(Beginning of Source material)
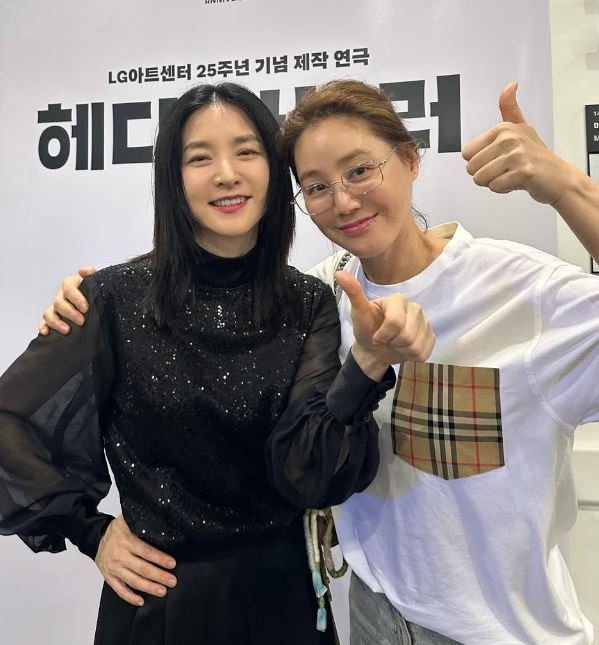 이영애 만난 김성령, 50대 맞아요? 반할 수 밖에…나이 잊은 피부+미모 놀라워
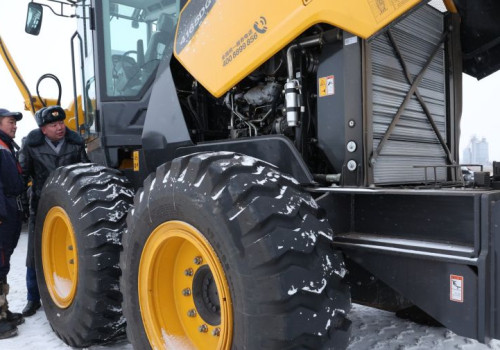 Өвөлжилт хүндрэх эрсдэлтэй аймаг, сумдад туулах чадвар сайтай машин гардуулжээ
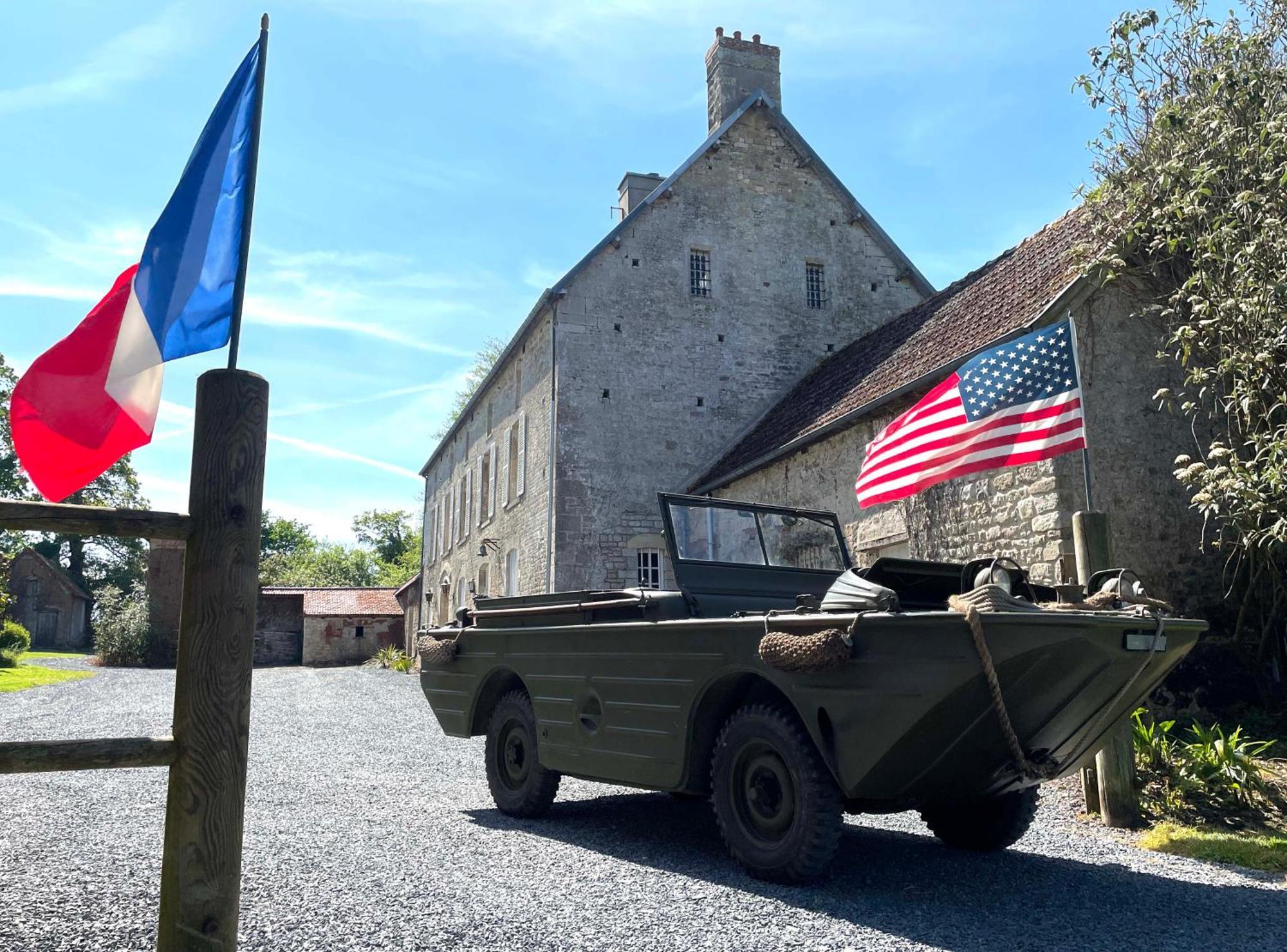 Domaine De L'Eau Partie Acomodação com café da manhã Carentan Exterior foto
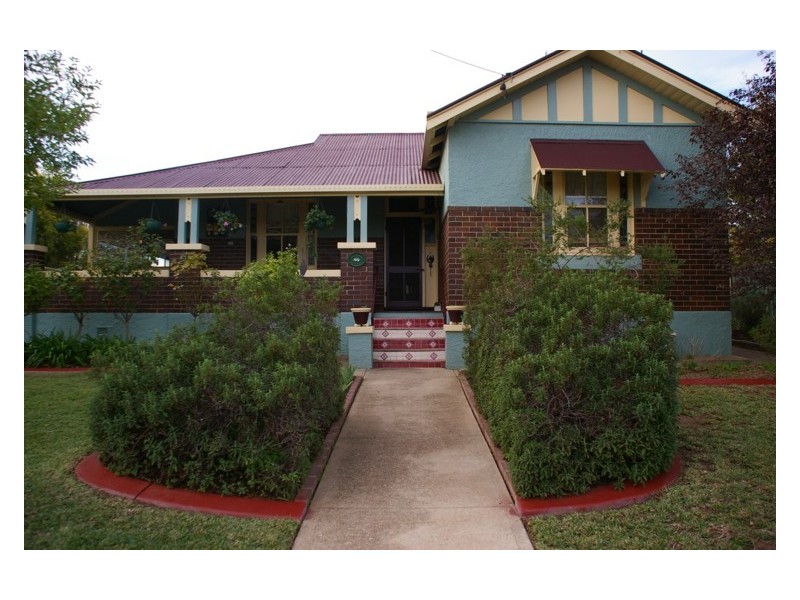 18 Keswick Street, Cowra NSW 2794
(End of Source material)
Problem to solve |
Beginning with the line that contains "Өвөлжилт хүндрэх эрсдэлтэй" and ending with the last line of the data, transcribe each line exactly; pictures stay out.

Result of this task |
 Өвөлжилт хүндрэх эрсдэлтэй аймаг, сумдад туулах чадвар сайтай машин гардуулжээ
 Domaine De L'Eau Partie Acomodação com café da manhã Carentan Exterior foto
 18 Keswick Street, Cowra NSW 2794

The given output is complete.